__INPUT RECORDS__.
*** Block opens ***

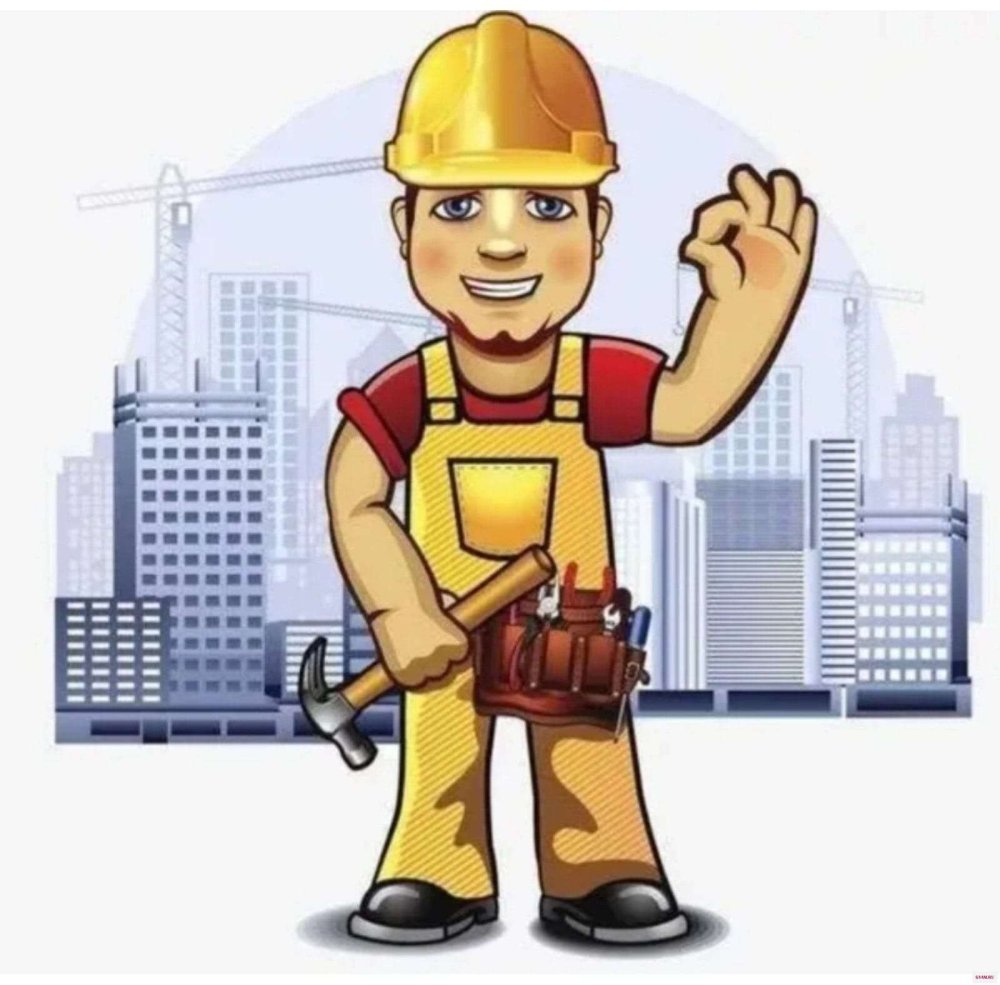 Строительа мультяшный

*** Block closes ***
*** Block opens ***

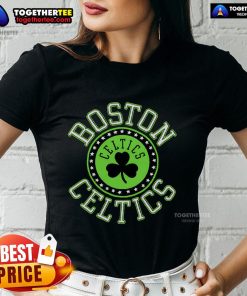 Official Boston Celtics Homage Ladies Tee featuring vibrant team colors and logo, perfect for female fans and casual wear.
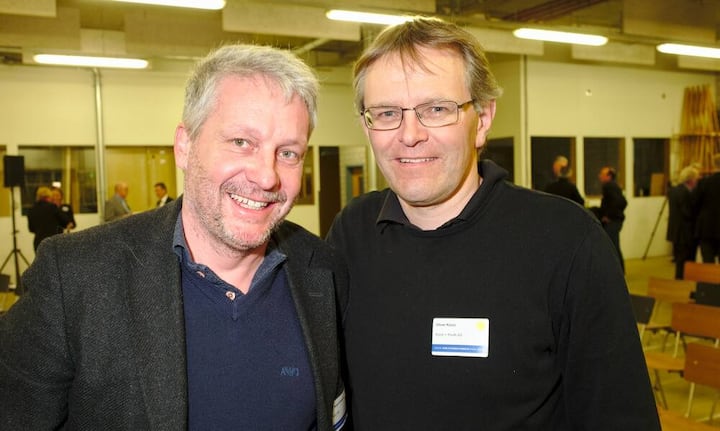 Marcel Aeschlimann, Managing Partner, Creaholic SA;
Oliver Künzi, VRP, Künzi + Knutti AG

*** Block closes ***

__ACTIVITY__.
For this exercise, reproduce exactly the lines of the records above from the one with "Official Boston Celtics" up to and including the one with "Oliver Künzi, VRP, Künzi + Knutti AG", without pictures.

__SOLUTION TO THE EXERCISE__.
 Official Boston Celtics Homage Ladies Tee featuring vibrant team colors and logo, perfect for female fans and casual wear.
 Marcel Aeschlimann, Managing Partner, Creaholic SA;
Oliver Künzi, VRP, Künzi + Knutti AG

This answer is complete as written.